Item 2.05. Costs Associated with Exit or Disposal Activities.
The Company disclosed in the Original Form 8‐K that it anticipated that it would incur one-time termination benefits and associated costs of $14.0 million and that it was conducting a facility rationalization assessment and assessing other operational savings measures. As a result, lease termination costs and other costs related to operational savings measures associated with the Initiative could not reasonably be estimated at the time.
As disclosed in the Company’s Form 10-Q for the three months ended September 30, 2022, in connection with the Initiative, the Company incurred $8.8 million of termination benefits and associated costs through September 30, 2022, and incurred an additional $1.0 million of termination benefits and associated costs in October 2022. The Company also incurred $3.1 million of charges for inventory write-off associated with discontinued equipment and parts during the three months ended September 30, 2022.
On January 31, 2023, the Company committed to additional actions to continue and expand the Initiative. These additional actions include closing and consolidating select locations in the United States and Canada and reducing the Company’s workforce by an additional 15%, prioritizing investments and operations in line with near-term revenue generation, positioning the company to achieve its long-term financial goals.
For all committed restructuring activities under the Initiative, the Company now expects to incur total pre-tax restructuring charges of $19.6 million to $26.0 million, which includes the following charges:
• | between $15.5 million and $17.5 million of one-time termination benefits and associated costs, which includes the original estimate of $14.0 million; |
• | between $3.1 million and $5 million of inventory write-offs, including the $3.1 million of charges for inventory write-off as of September 30, 2022; |
• | between $0.5 million and $2.0 million of lease termination and equipment exit costs; and |
• | between $0.5 million and $1.5 million of costs associated with termination of contracts. |
The total estimated charges are expected to result in between $10.5 million and $16.9 million of future cash expenditures.

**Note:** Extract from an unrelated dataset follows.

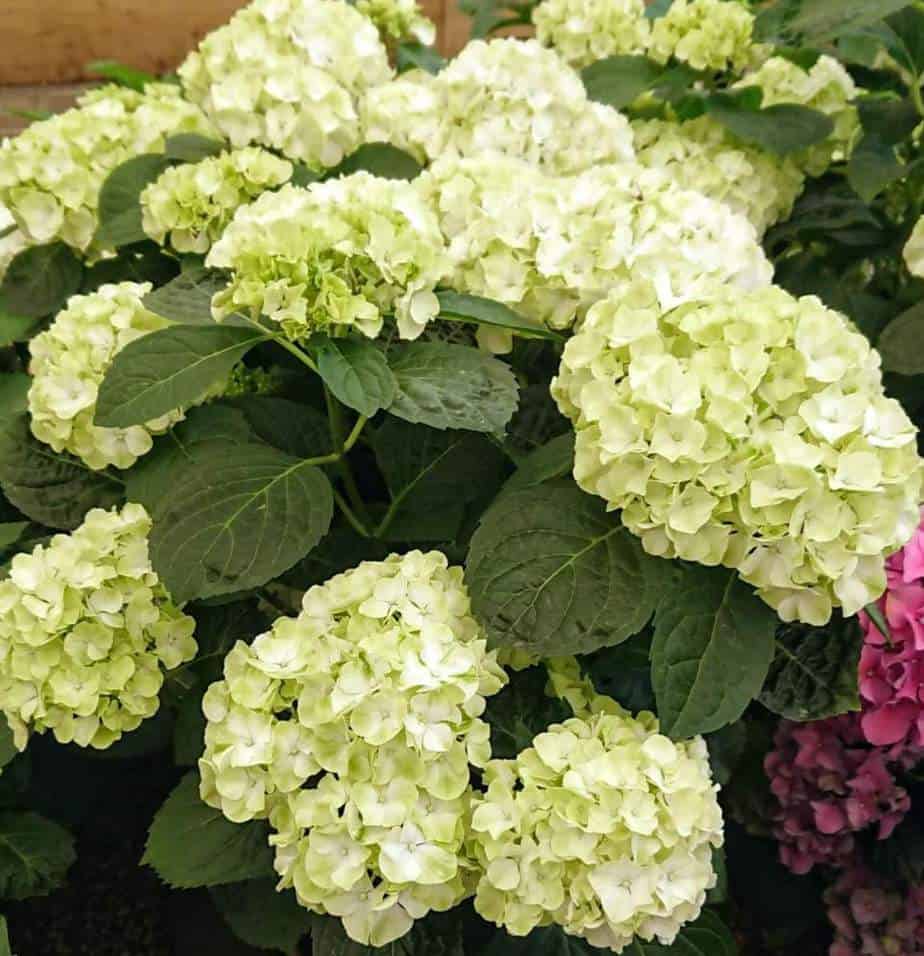 Heirloom Green White Hydrangea Flower Seeds, Non-GMO Unique Blooms for Planting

The ranges of charges described above are estimates, and actual amounts may be materially different from these estimates.
The Company continues to anticipate that the Initiative will be substantially complete by the end of 2023.
Item 7.01. Regulation FD Disclosure.
On February 2, 2023, the Company issued a press release announcing the continuation and expansion of the Initiative. A copy of the press release is attached to this Current Report on Form 8-K (the “Current Report”) as Exhibit 99.1.
The information in Exhibit 99.1 is furnished and shall not be deemed to be “filed” for purposes of Section 18 of the Securities Exchange Act of 1934, as amended (the “Exchange Act”), or otherwise subject to the liabilities of that section, and such information shall not be deemed to be incorporated by reference into any of the Company’s filings under the Securities Act of 1933, as amended, or the Exchange Act.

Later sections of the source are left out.